## What you should do
For the entries below, the result should be an exact transcription of the lines from the one with "Jak działa Stone - diagram HRV" up to and including the one with "waveform.png", and only those.

## Data entries

■ ■ ■ ■

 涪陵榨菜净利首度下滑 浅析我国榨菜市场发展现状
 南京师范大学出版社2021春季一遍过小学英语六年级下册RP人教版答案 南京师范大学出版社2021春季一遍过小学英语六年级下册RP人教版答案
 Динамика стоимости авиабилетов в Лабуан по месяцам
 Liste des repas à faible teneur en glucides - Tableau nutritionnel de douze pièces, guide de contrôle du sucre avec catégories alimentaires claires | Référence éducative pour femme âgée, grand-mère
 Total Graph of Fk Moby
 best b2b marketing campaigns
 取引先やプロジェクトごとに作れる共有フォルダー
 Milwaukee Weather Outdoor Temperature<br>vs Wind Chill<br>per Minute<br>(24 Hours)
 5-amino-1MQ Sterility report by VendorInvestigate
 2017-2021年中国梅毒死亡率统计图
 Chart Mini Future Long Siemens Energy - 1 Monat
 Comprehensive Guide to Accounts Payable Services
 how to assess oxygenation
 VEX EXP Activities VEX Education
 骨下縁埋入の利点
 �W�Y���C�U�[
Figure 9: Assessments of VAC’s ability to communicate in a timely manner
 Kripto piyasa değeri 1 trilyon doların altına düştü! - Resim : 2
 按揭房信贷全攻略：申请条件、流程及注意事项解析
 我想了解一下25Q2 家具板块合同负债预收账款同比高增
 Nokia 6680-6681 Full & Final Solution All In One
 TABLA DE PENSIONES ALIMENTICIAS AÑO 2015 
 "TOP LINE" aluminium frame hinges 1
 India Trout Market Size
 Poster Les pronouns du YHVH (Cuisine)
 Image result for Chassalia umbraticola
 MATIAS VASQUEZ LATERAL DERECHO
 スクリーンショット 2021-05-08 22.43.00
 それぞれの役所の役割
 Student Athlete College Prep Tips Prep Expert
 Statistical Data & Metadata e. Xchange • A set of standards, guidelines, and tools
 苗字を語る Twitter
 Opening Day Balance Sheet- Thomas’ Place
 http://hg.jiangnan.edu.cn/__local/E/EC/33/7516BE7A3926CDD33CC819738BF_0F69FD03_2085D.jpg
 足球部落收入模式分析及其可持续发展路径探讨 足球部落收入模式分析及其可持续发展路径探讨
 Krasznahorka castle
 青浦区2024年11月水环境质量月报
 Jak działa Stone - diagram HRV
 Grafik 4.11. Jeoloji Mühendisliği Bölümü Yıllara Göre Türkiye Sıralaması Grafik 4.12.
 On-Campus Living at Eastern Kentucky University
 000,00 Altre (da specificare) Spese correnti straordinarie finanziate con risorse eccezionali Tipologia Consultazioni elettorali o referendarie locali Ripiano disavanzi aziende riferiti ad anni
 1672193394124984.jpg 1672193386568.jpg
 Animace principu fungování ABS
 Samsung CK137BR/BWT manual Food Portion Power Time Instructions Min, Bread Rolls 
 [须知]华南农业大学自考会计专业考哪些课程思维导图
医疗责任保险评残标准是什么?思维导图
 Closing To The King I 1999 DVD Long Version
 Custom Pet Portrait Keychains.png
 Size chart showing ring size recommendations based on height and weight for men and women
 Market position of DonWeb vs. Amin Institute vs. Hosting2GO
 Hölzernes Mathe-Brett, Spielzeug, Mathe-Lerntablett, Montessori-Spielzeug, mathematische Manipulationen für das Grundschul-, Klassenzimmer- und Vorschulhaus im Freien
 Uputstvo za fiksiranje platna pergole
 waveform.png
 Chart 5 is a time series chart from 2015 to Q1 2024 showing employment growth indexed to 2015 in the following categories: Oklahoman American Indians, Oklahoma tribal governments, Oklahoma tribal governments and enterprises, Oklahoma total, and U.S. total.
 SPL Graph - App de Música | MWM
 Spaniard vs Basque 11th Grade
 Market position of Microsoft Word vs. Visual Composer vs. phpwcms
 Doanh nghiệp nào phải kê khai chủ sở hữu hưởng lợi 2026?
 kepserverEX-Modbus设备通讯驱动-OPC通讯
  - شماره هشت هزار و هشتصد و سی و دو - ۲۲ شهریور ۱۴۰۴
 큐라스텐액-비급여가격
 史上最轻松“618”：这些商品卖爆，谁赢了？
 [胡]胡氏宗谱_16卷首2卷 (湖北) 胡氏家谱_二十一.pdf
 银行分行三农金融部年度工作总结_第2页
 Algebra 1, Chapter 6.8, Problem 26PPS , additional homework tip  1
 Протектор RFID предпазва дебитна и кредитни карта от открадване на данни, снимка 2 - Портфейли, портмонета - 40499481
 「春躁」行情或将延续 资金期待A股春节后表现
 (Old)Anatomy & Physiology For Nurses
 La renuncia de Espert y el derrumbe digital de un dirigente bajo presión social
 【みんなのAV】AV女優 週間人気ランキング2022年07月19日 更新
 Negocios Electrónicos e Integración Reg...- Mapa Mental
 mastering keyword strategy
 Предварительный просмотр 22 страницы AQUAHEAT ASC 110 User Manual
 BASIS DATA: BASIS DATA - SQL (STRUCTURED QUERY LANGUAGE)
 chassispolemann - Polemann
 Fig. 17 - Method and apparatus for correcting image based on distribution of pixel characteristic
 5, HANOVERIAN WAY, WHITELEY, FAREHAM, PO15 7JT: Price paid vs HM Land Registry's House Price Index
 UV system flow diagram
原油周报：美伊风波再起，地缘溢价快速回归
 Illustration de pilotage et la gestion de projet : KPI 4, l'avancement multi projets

■ ■ ■ ■

## Task answer
 Jak działa Stone - diagram HRV
 Grafik 4.11. Jeoloji Mühendisliği Bölümü Yıllara Göre Türkiye Sıralaması Grafik 4.12.
 On-Campus Living at Eastern Kentucky University
 000,00 Altre (da specificare) Spese correnti straordinarie finanziate con risorse eccezionali Tipologia Consultazioni elettorali o referendarie locali Ripiano disavanzi aziende riferiti ad anni
 1672193394124984.jpg 1672193386568.jpg
 Animace principu fungování ABS
 Samsung CK137BR/BWT manual Food Portion Power Time Instructions Min, Bread Rolls 
 [须知]华南农业大学自考会计专业考哪些课程思维导图
医疗责任保险评残标准是什么?思维导图
 Closing To The King I 1999 DVD Long Version
 Custom Pet Portrait Keychains.png
 Size chart showing ring size recommendations based on height and weight for men and women
 Market position of DonWeb vs. Amin Institute vs. Hosting2GO
 Hölzernes Mathe-Brett, Spielzeug, Mathe-Lerntablett, Montessori-Spielzeug, mathematische Manipulationen für das Grundschul-, Klassenzimmer- und Vorschulhaus im Freien
 Uputstvo za fiksiranje platna pergole
 waveform.png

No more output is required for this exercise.